I feel so guilty after last night. Mine was self defense. Tell me I'm not crazy because I really feel like I just turned into him.

Amber

My boyfriend and I of almost 5 years have always had a strained relationship due to neither one of us having good examples of healthy relationships growing up, so we had to learn how to communicate. About 2.5 years ago. Things got physical from him for the first time. Happened a few times and the last time from him scared the hell out of me.

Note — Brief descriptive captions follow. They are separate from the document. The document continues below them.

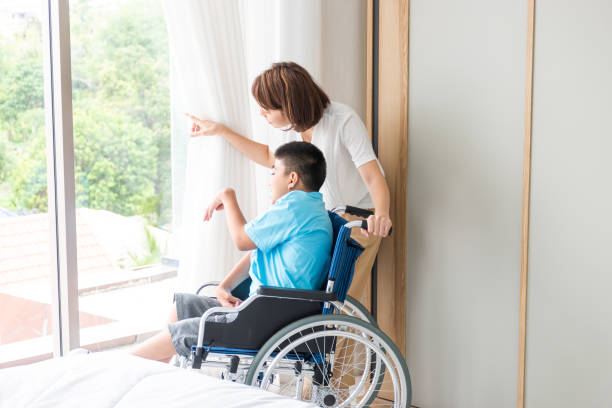 istock woman taking care disabled child 1253010260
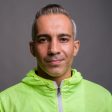 Studio shot of handsome Persian man with gray hair wearing neon green raincoat against gray background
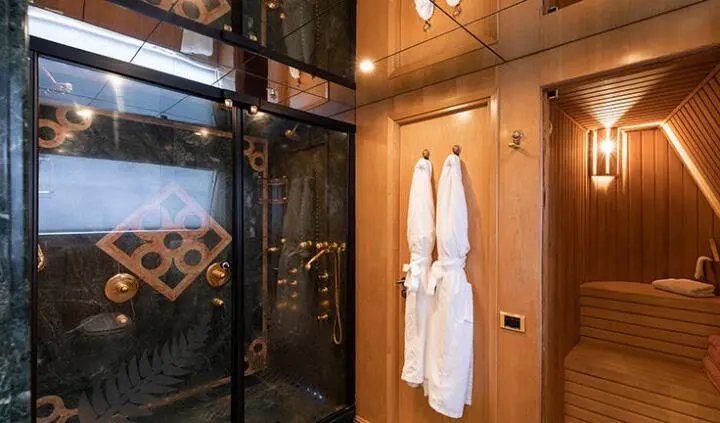 Luxurious yacht cabin with wooden panels, robes on door, and glass shower enclosure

Last night in the middle of a very heated argument it looked like he drew his arm back to punch. I flinched my whole body and he said 'exactly' then leaned over me and I jumped out of my chair and started smacking punching his shoulder (where I could reach). I know I did it out of fear since I saw his arm swing back previously (which he denies). I just don't know how to feel about anything anymore. Regardless of fight, freeze or flight. I never thought I would do anything like that. I can still feel his skin and body under my fists and fingers. I've frozen every other time from him. I think this time my body just finally had enough. He didn't do anything physical back I think once that happened he knew how much it affected me. But I just feel lost. I don't feel like what I did was right. But I can't help but feel I did what I felt I had to do to survive in that moment.

Am I in the wrong here to feel it wasn't right but it can be justified for why I attacked him? Even after times of him punching, slapping me, biting me, pinning me to the floor while towering over me. I've never fought back and I finally did. I want this day to be over for the weekend.